Sabby and I have the same general personality, roughly the same age and have similar strengths and flaws. However, she's older than me by a year, has a different sexuality (she's bisexual, I'm heteroflex), and she's very exaggerated due to being a cartoon character.

My _per_sona, on the other hand, is almost exactly the same as me. Although she's also exaggerated.


----------



## Minerva_Minx (Feb 20, 2019)

My fursona and I are the same.  The difference is one of us is definitely better looking.  Spoiler: it isn't me.  The other difference is I don't have caracal problems.  Also, my fursona allows me to be more open and expressive than I really am.


----------



## Minerva_Minx (Feb 21, 2019)

Only a loser if you choose to be.  But don't be so hard on your fursona you begin to think less of yourself!


----------



## HistoricalyIncorrect (Feb 21, 2019)

Differences you say? That's quite new. People usually ask about similarities but alright.

Jerzy (My fursona) is military general from XVII century, heavy alcoholic and cold blooded killer.

Those three traits other than being a feline are things I am not


----------



## Devo Waterfowl (Feb 21, 2019)

The difference between myself and Devo the duck is quite obvious as he is stronger and faster than me plus also he has cartoon physics on his side. Not to mention that he smokes and drinks constantly.


----------



## Jackpot Raccuki (Feb 21, 2019)

I guess the differences is that he usually purposely secludes himself from others, wanting to be alone, whereas I usually don't by accident and by my own limitations regarding stuff like being too nervous to meet new people, whereas he'd be fine with meeting new people, but just avoids them usually.

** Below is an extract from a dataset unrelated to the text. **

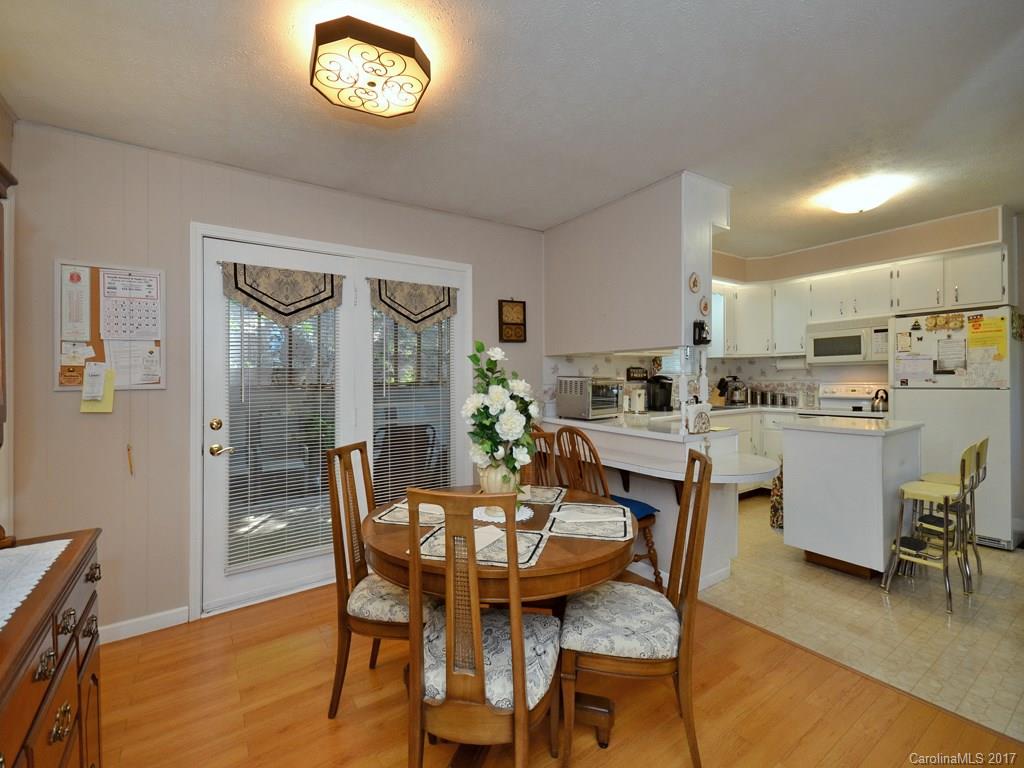 16 Pine Ridge Road Asheville, NC 28804 - Photo 3 of 18 Gallery Image 3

Obviously he's beyond stronger and bigger than me, although I guess if it's ratio'd from what he is down to a human, then the main thing that'd be off is weight and him having more strength.

Otherwise I'm pretty much like him. Aside from that I can actually feel and express emotions, he can't.

He's the my only character somewhat close to me, obviously. But yet not even 50%.


----------



## Ravofox (Feb 23, 2019)

Pawsome topic!!

Well, for a start, one version of my sona is from the middle ages, which (I hope) I'm not! 

A major physical one is that I'm not actually short (I'm not sure what my exact height is but I think I'm just on the lower end of average). I made Ravo somewhat short in keeping with actual foxes being small, and also since it compliments my thin build (which Ravo does share). 

Personality-wise I think Ravo's a bit more chaotic and impulsive than me, but it's an exaduration of my actual self. 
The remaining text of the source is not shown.